La libertad religiosa empieza a asomarse de forma tímida

Elisa Álvarez González
Elisa Álvarez SANTIAGO / LA VOZ

SOCIEDAD

Evandro Inetti | DPA

Franco reconoce el derecho de cada persona a profesar su religión

05 abr 2018 . Actualizado a las 15:17 h.

En el año 1965 el Concilio Vaticano II declaró que cada persona tiene derecho a la libertad religiosa. La España de Franco, en donde la católica era oficialmente «la religión del Estado español», se vio obligada a recoger el guante. Y fue así como tímidamente a finales de los sesenta comenzó este derecho en el país, con una ley en el 67, ya derogada, y sus posteriores desarrollos normativos, algunos aún en vigor. En 1968, el año en el que comenzaron a fraguarse muchas libertades, también se pusieron las bases para que cada español pudiese profesar su propia religión públicamente. Una orden de abril de ese año reconocía las confesiones religiosas no católicas y su derecho a constituirse en asociación, en la línea conciliar. También el de establecer lugares de culto, tener un registro de sus miembros y libros de contabilidad. No obstante, y pese a que el testigo del Concilio Vaticano II llegó a España, la ley era clara al recoger que la religión católica seguía siendo la de la nación.

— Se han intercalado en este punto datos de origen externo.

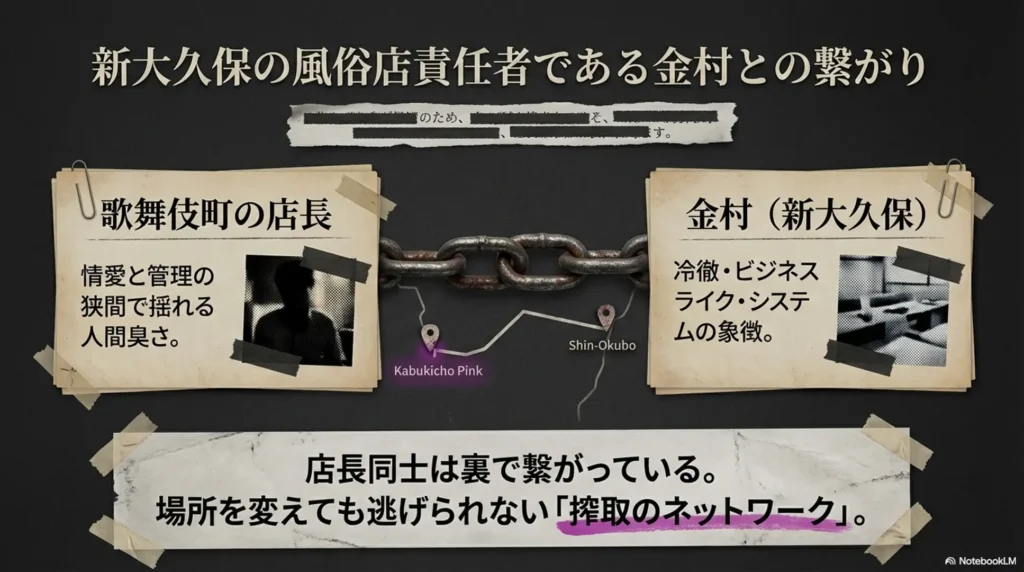 connection-with-kanemura-responsible-for-shin-okubo-fuzoku-shop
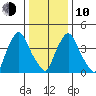 Delaware City tide chart for Saturday, January 10, 2026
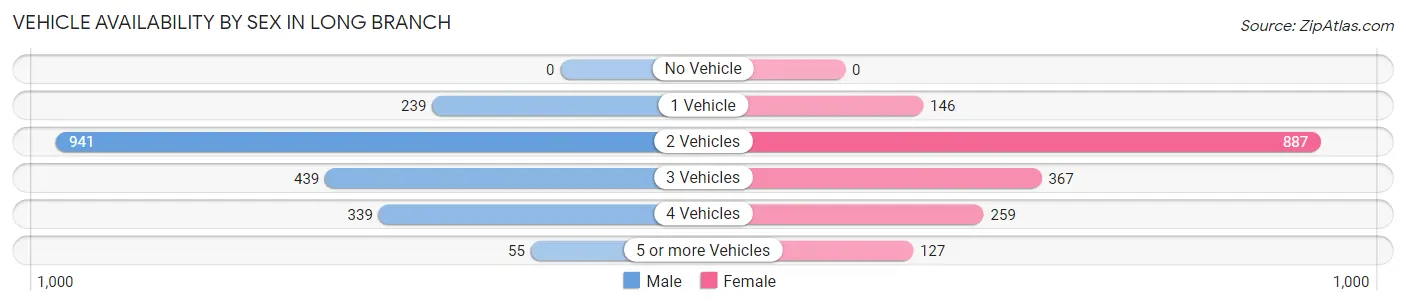 Vehicle Availability by Sex in Long Branch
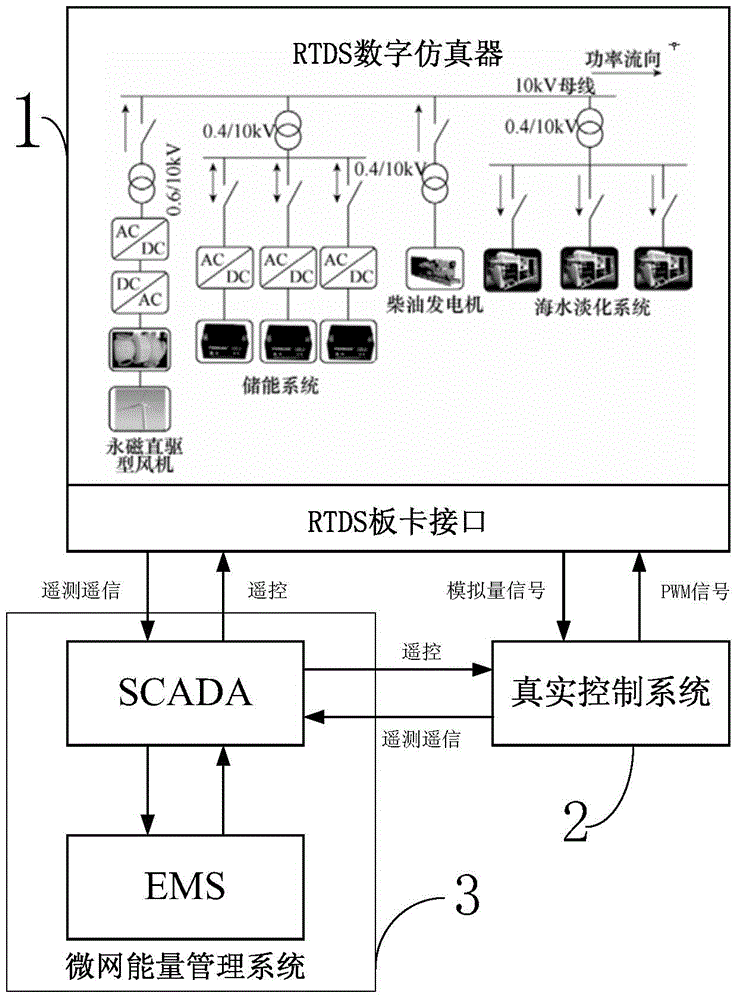 Micro-grid integration testing simulation platform based on RTDS and method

Y es que todavía el país era un estado confesional, algo que no cambiaría hasta la entrada en vigor de la Constitución, en donde claramente se recoge en su artículo 16 que, «ninguna confesión tendrá carácter estatal». No solo eso, los poderes públicos, en función de las creencias de la sociedad española, están obligados a mantener relaciones de cooperación con la Iglesia católica y con las demás confesiones.

Medio siglo después «la libertad religiosa como derecho individual está plenamente garantizado en España», dice Vicente Sanjurjo, profesor de derecho constitucional de la USC, quien abordó en sus investigaciones este tema. Pero al mismo tiempo que se muestra contundente en la protección de esta libertad por parte del Estado, no lo es tanto en otras cuestiones que afectan a la religión, como la obligación que tienen los poderes públicos de ser neutrales. Las banderas a media asta durante la Semana Santa, la presencia pública de ministros en las procesiones, o las Fuerzas Armadas participando y protagonizando actos religiosos «casan mal con el principio de aconfesionalidad del artículo 16 de la Constitución», recuerda este profesor universitario.

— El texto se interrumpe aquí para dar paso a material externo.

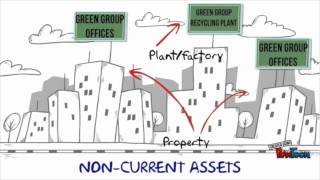 Celebrity 22107: Screencast Assignment - The Statement of Financial Position Wealth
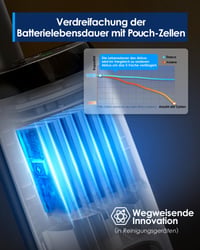 Aspirator umed-uscat Tineco iFLOOR 5 Breeze Complete cu funcție de autocurățare 8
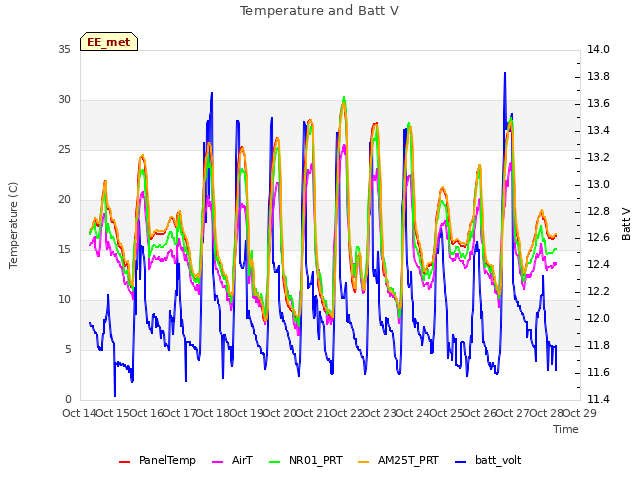 plot of Temperature and Batt V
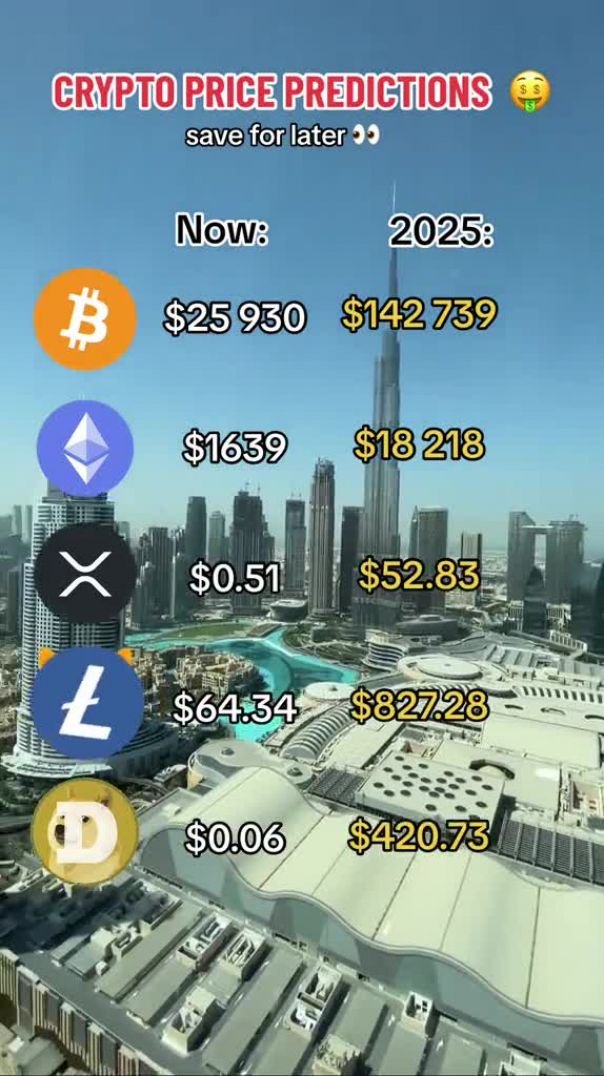 Crypto Price Predictions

«El Estado -añade Sanjurjo- no tiene ningún tipo de déficit en la garantía de la libertad religiosa, pero cuestiones como las anteriores plantean un problema con el principio de neutralidad estatal». No solo eso, sino que si los poderes públicos se identifican con un tipo de confesión, los individuos que no forman parte de ella no ven respaldado el ejercicio de su libertad de creencias en las mismas condiciones.

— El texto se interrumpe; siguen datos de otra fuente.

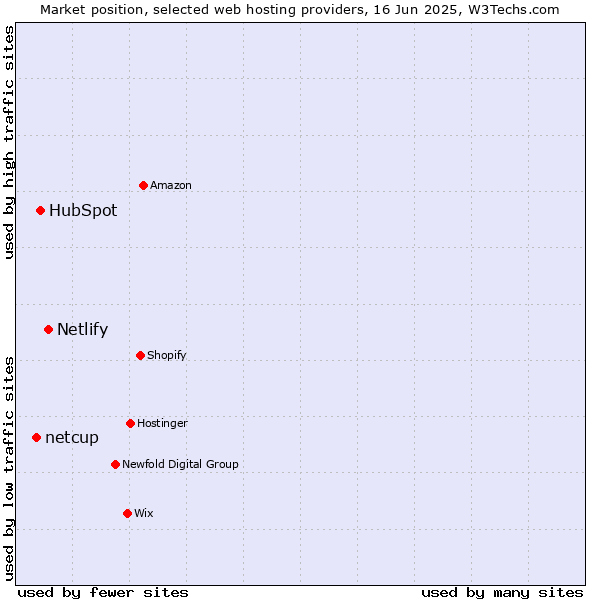 Market position of Netlify vs. HubSpot vs. netcup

En la ley preconstitucional se recogía que los españoles, con independencia de sus creencias, tenían derecho al ejercicio de cualquier trabajo o actividad, e incluso se admitía la posibilidad de casarse, además de civilmente, por los ritos o ceremonias propias de las confesiones no católicas «en cuanto no atenten a la moral o a las buenas costumbres». Los españoles -admitía esta ley- tenían derecho a recibir sepultura según sus convicciones y a recibir enseñanza de su propia fe.

Una ley que duró 13 años

Poco duró esta primera ley de libertad religiosa que afloró a finales de los sesenta. Lógico, por otro lado, con la llegada de la democracia y la Constitución. En 1980 se aprobó una nueva norma adaptada a los principios constitucionales de aconfesionalidad del Estado. Las diferencias están claras ya desde sus primeras líneas, pasando de una religión católica «que es la de la Nación española» -rezaba el texto publicado en 1967-, a que «ninguna confesión tendrá carácter estatal» en la legislación del 80. No obstante, la Iglesia católica se aferraría a sus derechos en los acuerdos con la Santa Sede, que se negociaron prácticamente al mismo tiempo que la Constitución y en los que se incluyen aspectos educativos como el derecho a recibir clases de religión, o a que sea la propia Iglesia quien designe a los profesores de esta materia en los centros públicos.